Pit – The Vaults
Reviewed – 3rd March 2020
“This humour with subtextual glints of trauma was brilliantly realised and effortlessly portrayed”
As the title indicates, Lòng Mẹ translates from Vietnamese to English to mean ‘Mother’s Soul’. VanThanh Productions presented its titled theme gracefully with two very different stories, cathartically linked to recognise the power of ancestry and give insight into Vietnamese heritage.
As the audience were sitting down, Tuyen Do and Michael Phong Le sat on the minamilistic set and called on the audience, welcoming them in and asking them to sit down, all the while speaking in thick Vietnamese accents. Comments such as ‘You sir, you so handsome, come sit at the front’ induced humour from the stereotype and set a light hearted tone in the theatre. This quality was emulated throughout the production, acting as a powerful juxtaposition to the heart-breaking stories which unfolded.
Tuyen Do’s story was told through a masterclass in voice acting. Do seamlessly glided from a thick Vietnamese accent to a London accent as she portrayed both herself and her mother simultaneously in conversation. This allowed for a strong, punchy insight to her struggle to relate to her mother due to growing up with two opposing cultures at the same time. As she told the story of this relationship, beautiful and traumatising anecdotes including the hiding of gold bars in dead chickens, so that they might be able to trade on the black market during the Vietnam war, were both awe inspiring and funny. But the mood was quickly turned when we are told of her family’s citizenship being stripped due to fighting on the American side during the Vietnam war. This humour with subtextual glints of trauma was brilliantly realised and effortlessly portrayed.
Phong Le’s story was similar to Do’s in that it focused on the struggle of relating to a different generation, brought up during a very different time. However, Do’s story fixated more prominently on the ‘constant internal conflict’ of his coming to terms with his Vietnamese heritage, when he was brought up in the contrasting culture of the UK countryside. Phong Le’s performance was honest and delivered with a gentleness which worked beautifully. His ability to portray himself as a small child, through to being an adolescent and then an adult worked brilliantly as he told a story about his mother going to prison and his own questioning surrounding the incident with a raw innocence.

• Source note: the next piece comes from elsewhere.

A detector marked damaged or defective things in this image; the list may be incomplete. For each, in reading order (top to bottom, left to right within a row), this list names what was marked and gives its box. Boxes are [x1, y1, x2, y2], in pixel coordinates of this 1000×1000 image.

Mingyu Lin’s direction allowed the pair to transition between stories with simple dance sequences, this seemed a little unnecessary as an attempt to create a link between the two and a distraction from the honest conversations each performer gave. However, Lin’s direction shone through Phong Le’s performance; as he clutched a Rubik’s cube throughout the show, highlighting his naivety to his surroundings; it was clear that Lin’s attention to detail was meticulous here and that a great deal of thought had gone into it.
The production as a whole was awe inspiring, only let down by the unnecessary measures taken to link performances which would have stood strong and linked easily without them.